◆ What you are asked to do: Return only the lines of the data below from the line with "Coperte: Couverture super" up to and including the line with "सपा नेता द्वारा", exactly as written, with the pictures omitted.

◆ Given records:
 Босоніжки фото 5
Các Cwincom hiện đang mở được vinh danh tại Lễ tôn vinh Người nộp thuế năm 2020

--

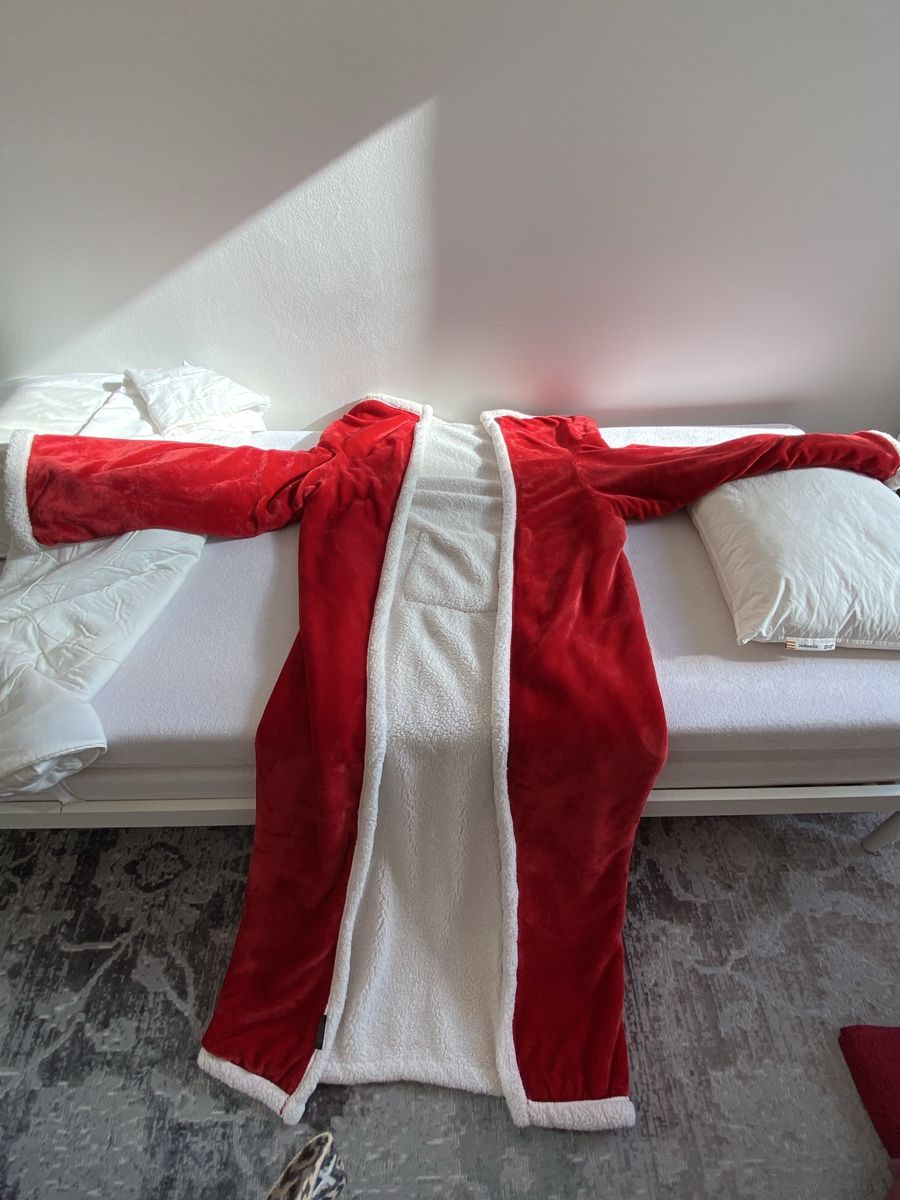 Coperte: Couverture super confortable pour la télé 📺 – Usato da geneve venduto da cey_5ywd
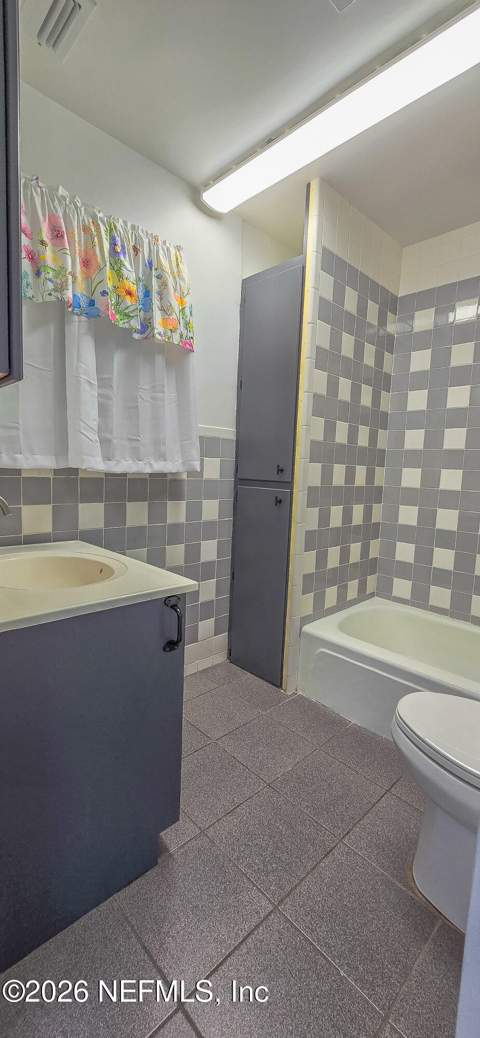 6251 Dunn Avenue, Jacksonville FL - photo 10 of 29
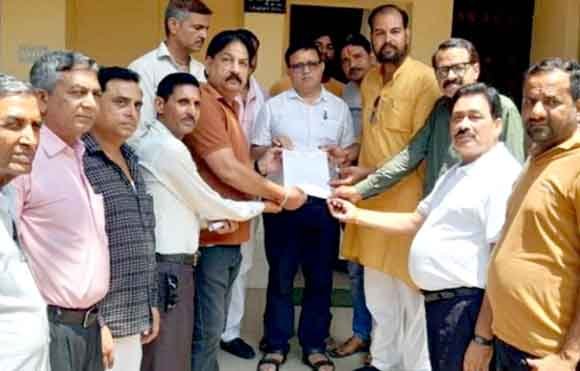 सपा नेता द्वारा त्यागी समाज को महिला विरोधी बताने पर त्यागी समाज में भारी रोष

◆ Exercise answer:
 Coperte: Couverture super confortable pour la télé 📺 – Usato da geneve venduto da cey_5ywd
 6251 Dunn Avenue, Jacksonville FL - photo 10 of 29
 सपा नेता द्वारा त्यागी समाज को महिला विरोधी बताने पर त्यागी समाज में भारी रोष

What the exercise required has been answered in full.